Why SERIALIZABLE isolation level — isn't that slow?

Yes, ~2-3× slower than READ COMMITTED — and we accept it. Booking peak is ~200 req/s, well below MySQL's ~1K/s ceiling even at SERIALIZABLE. Lower isolation levels permit phantom reads ("seat is FREE in our SELECT but a concurrent INSERT made it BOOKED before our INSERT lands") — the literal definition of a double-booking. Throughput is recoverable; trust in the brand isn't. Pay the 2-3× tax, sleep at night.

How do you handle a flash sale at 50K req/s?

Three pressure-relief mechanisms. (1) Browse plane absorbs most of it — 95%+ of those 50K are GETs on seat-maps, served by Redis at memory speed. (2) Booking plane is sharded by show_id with consistent hashing — one hot show pegs one shard at ~200 req/s, not the whole cluster. (3) WaitingUsersService throttles writes — once a show is full, new reservers go straight into a queue (no DB write, no lock contention). The bookings DB only sees the ~200 req/s of "actually trying to claim a free seat" requests, never the 50K of "browsing to see if a seat freed up".

What if a user clicks reserve but their network drops before payment?

The 5-minute timer in ActiveReservationsService takes care of it. The seat is HELD with expires_at = NOW() + 300s. After 5 minutes with no /confirm, the timer fires, the seat atomically transitions HELD → AVAILABLE, and WaitingUsersService dequeues the next waiter. The user who lost their network sees an "expired" message on their next page-load. No double-charge (payment was never started), no stuck seat.

Why split ActiveReservations and WaitingUsers into separate services?

They have different lifetimes and different failure modes. ActiveReservations is the timer keeper — it must be DB-backed so a crash doesn't extend a HELD seat indefinitely (correctness concern). WaitingUsers is the fairness queue — losing it on crash just means waiters re-queue (UX concern, not correctness). Smashing them together would force the simpler queue to inherit the heavier persistence requirements, doubling the DB write rate for no benefit. Separation also lets them scale and fail independently.

How is fairness enforced when 100 users want the same 10 seats?

Per-show FIFO queue in WaitingUsersService. The first 10 users to click "reserve" get HELD seats. Users 11-100 are appended to the per-show queue with their enqueued_at timestamp. When any of the 10 HELD reservations expires, ActiveReservationsService notifies WaitingUsers, which pops the head of the queue (the longest-waiting user) and gives them a 5-minute window to claim. If they don't, we wake the next in line. First-come-first-served, enforced by a queue, not by who happens to refresh fastest.

Why MySQL for bookings instead of Cassandra or DynamoDB?

Multi-row ACID transactions. A 4-seat order needs to atomically claim 4 specific rows or fail entirely — partial booking is unacceptable.
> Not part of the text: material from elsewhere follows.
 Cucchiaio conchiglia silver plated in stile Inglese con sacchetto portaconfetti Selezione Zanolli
MySQL InnoDB does this in 5 lines of SQL with row-level locks. Cassandra's lightweight transactions are per-partition only and 10× slower. DynamoDB's transaction API caps at 25 items but is comparatively expensive and adds latency. At 3.6TB total and 200 booking-writes/sec peak, MySQL's vertical-scale ceiling isn't the problem; correctness is, and MySQL nails correctness.
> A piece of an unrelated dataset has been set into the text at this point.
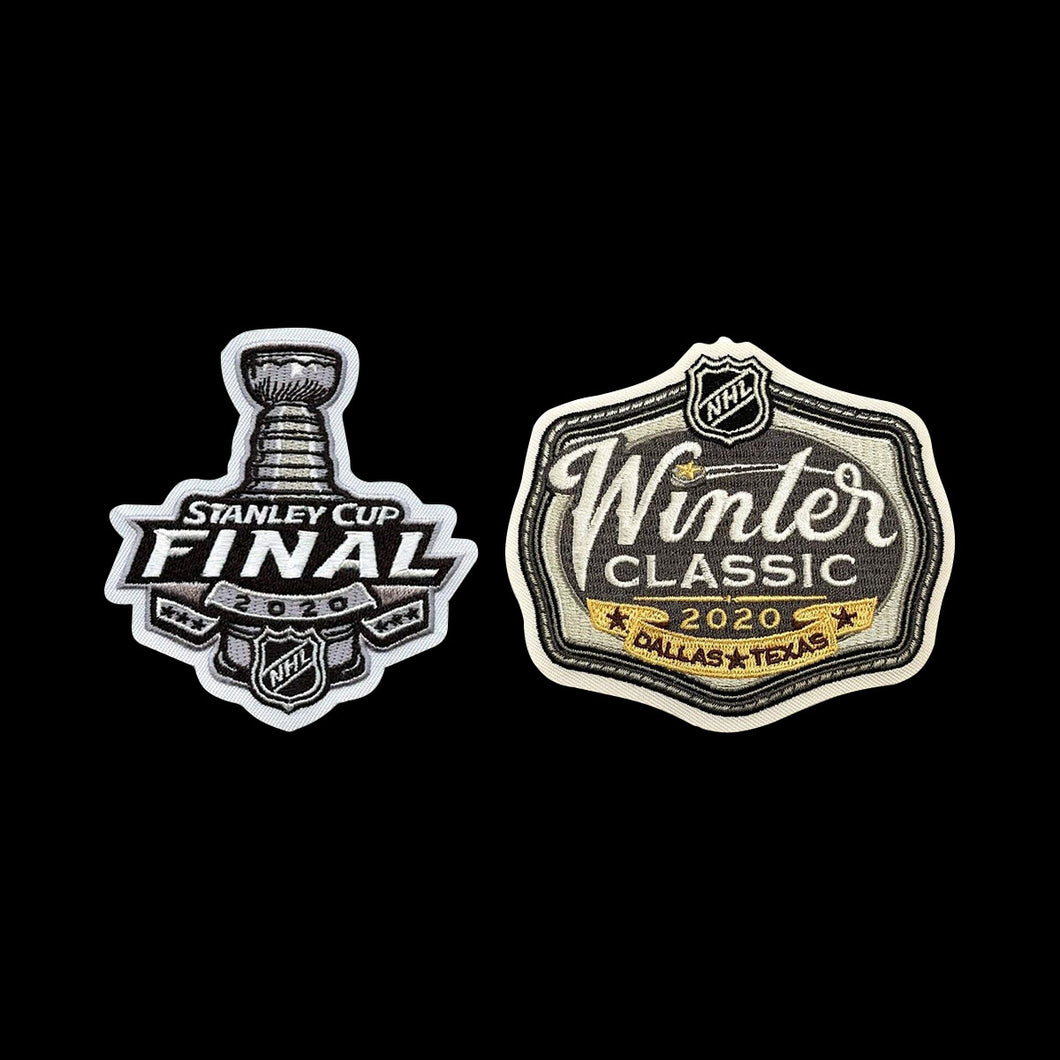 Lot of Two 2020 Stanley Cup Final & 2020 Winter Classic Jersey Patch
How would you scale this for global launch (multi-region)?

Browse plane goes global, booking plane stays regional. The Cassandra catalog DB replicates to all regions — a fan in Mumbai gets seat-maps from a Mumbai replica with ~10ms latency. The bookings MySQL stays single-region per market (e.g., one cluster for India, one for US) because cross-region SERIALIZABLE transactions would have intolerable latency (100ms+ round trips). Each market's shows live in that market's DB; users only book in their region. For genuine global shows (none in cinema, but consider concert tours), shard by show_id and pin each show to the region with the most local demand.

The one-line summary the interviewer remembers: "It's a sharded MySQL cluster running SERIALIZABLE transactions for atomic multi-seat orders, with a Redis-cached browse plane for 50K req/s read traffic and two cooperating services — ActiveReservations for 5-minute timers and WaitingUsers for fairness queues — that turn a 'whoever refreshes first wins' free-for-all into a deli-counter ticket system."